[Start of Attachment]

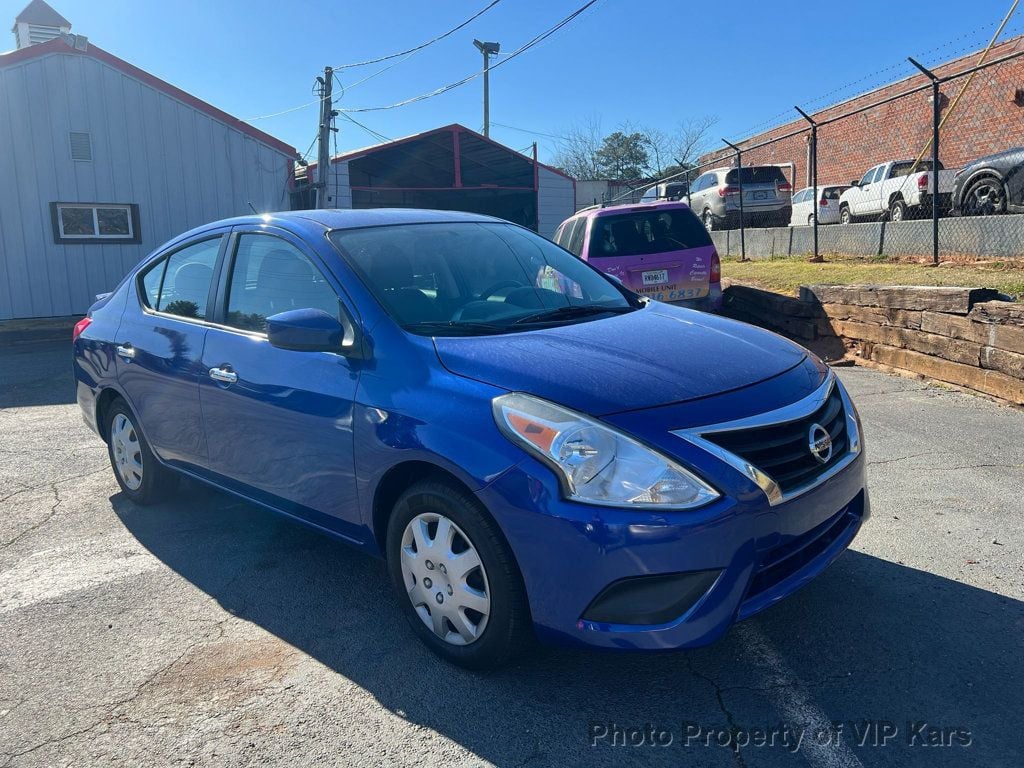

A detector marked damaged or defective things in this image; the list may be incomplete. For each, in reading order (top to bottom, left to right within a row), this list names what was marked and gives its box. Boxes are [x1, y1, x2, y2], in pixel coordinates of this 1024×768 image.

cracked pavement [0, 344, 1019, 768]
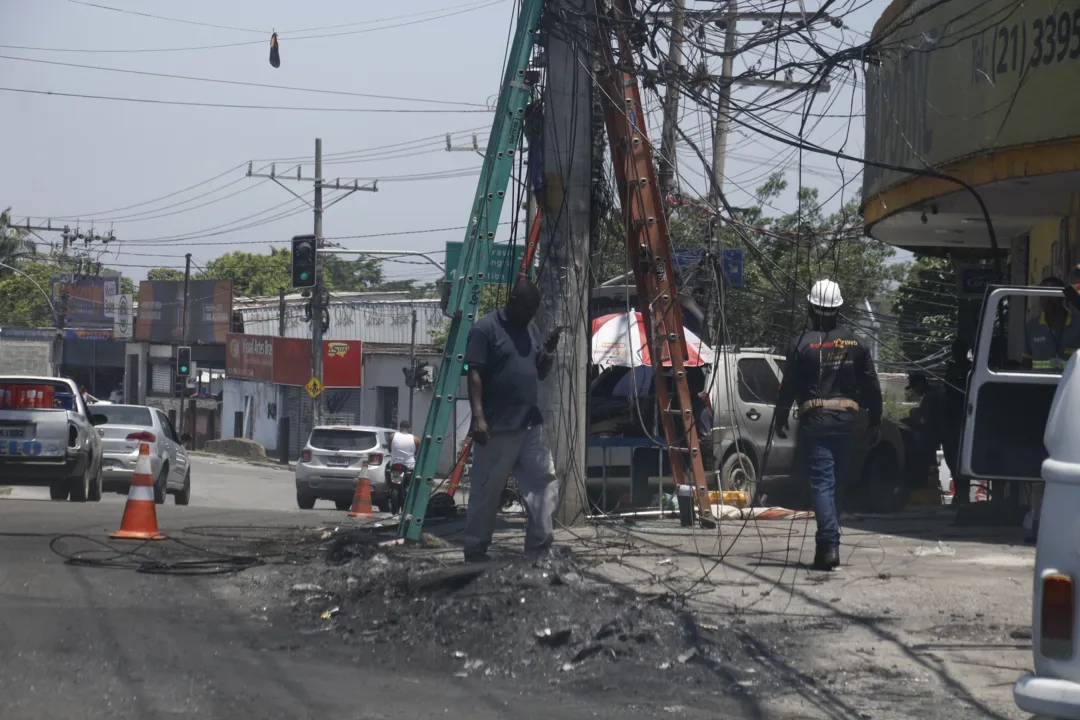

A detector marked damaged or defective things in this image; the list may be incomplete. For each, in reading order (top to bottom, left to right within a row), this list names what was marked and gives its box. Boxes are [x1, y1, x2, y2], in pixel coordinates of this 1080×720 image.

burnt utility pole [247, 138, 378, 425]
burnt utility pole [537, 0, 596, 524]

[End of Attachment]

--- DESCRIPTION OF THE TASK ---
Print, without any change, the line containing "this 1080×720 image." and each line after it to the end of the material.

--- SOLUTION TO THE PROBLEM ---
A detector marked damaged or defective things in this image; the list may be incomplete. For each, in reading order (top to bottom, left to right within a row), this list names what was marked and gives its box. Boxes are [x1, y1, x2, y2], in pixel coordinates of this 1080×720 image.

burnt utility pole [247, 138, 378, 425]
burnt utility pole [537, 0, 596, 524]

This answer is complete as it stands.